Niet aannemelijk is geworden dat voortduring van het beslag nodig is voor het aan de dag brengen van de waarheid of het aantonen van wederrechtelijk verkregen voordeel.
Echter, gelet op de stand van het strafrechtelijk onderzoek en de mededeling van de officier van justitie ter zitting dat op korte termijn tot vervolging van klagers zal worden overgegaan, acht de rechtbank het niet hoogst onwaarschijnlijk, dat de strafrechter, later oordelend, ten aanzien van het geldbedrag van € 215.000,- over zal gaan tot het toepassen van de straf van verbeurdverklaring of de maatregel van ontneming van onrechtmatig verkregen voordeel. Het belang van de strafvordering verzet zich derhalve tegen opheffing van het beslag, zodat het beklag ongegrond moet worden verklaard."
2.2. Op 18 april 2011 is bij de Hoge Raad ingekomen een brief van [betrokkene 1], namens mr. W.J.B. van Nielen, advocaat te 's-Gravenhage, inhoudende, zakelijk weergegeven, dat de klaagster bij vonnis van 30 november 2010 door de Rechtbank te 's-Gravenhage in staat van faillissement is verklaard, met benoeming van mr. Van Nielen tot curator. Een afschrift van voormeld vonnis bevindt zich bij de stukken waarvan de Hoge Raad kennis neemt.
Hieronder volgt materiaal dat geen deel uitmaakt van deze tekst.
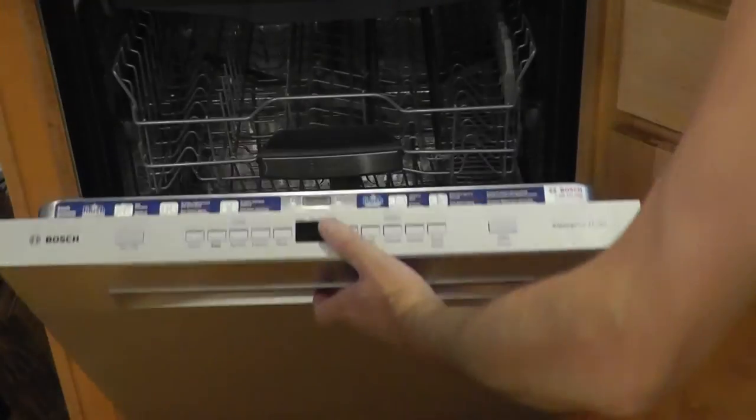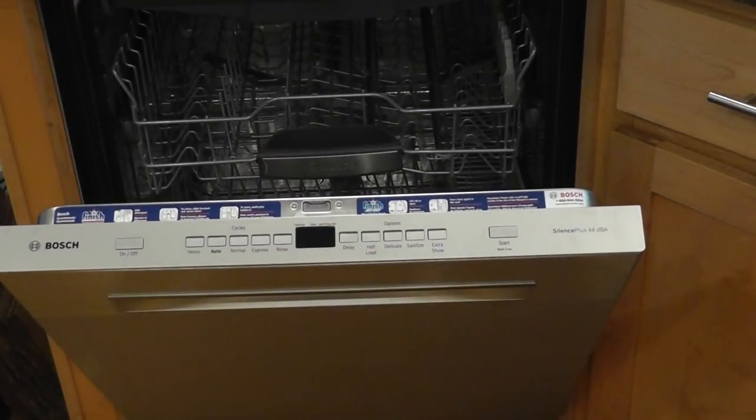Alright, this is a Bosch Dishwasher. Model number — get ready, it's a long one — SHP65, T as in time, 55UC.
2.3. Uit de stukken van het geding blijkt het volgende. Bij brief van 27 januari 2010 van de Officier van Justitie aan de advocaat van de klaagster is medegedeeld, zakelijk weergegeven, dat het beslag op de onderhavige bankrekeningen van de klaagster was gelegd op de voet van art. 94 Sv en dat dit beslag, zodra alle formaliteiten zijn afgerond, zal worden omgezet in een conservatoir beslag op de voet van art. 94a Sv. De schriftelijke aantekeningen van de Officier van Justitie ten behoeve van de behandeling van het klaagschrift door de raadkamer van de Rechtbank houden onder meer in dat de bedoelde omzetting heeft plaatsgevonden. Door of namens de klaagster is omtrent de status van dit beslag geen andere informatie verschaft, ook niet in cassatie. Daarom moet het ervoor worden gehouden dat het beslag op de bankrekeningen van de klaagster thans uitsluitend is gelegd op de voet van art. 94a Sv.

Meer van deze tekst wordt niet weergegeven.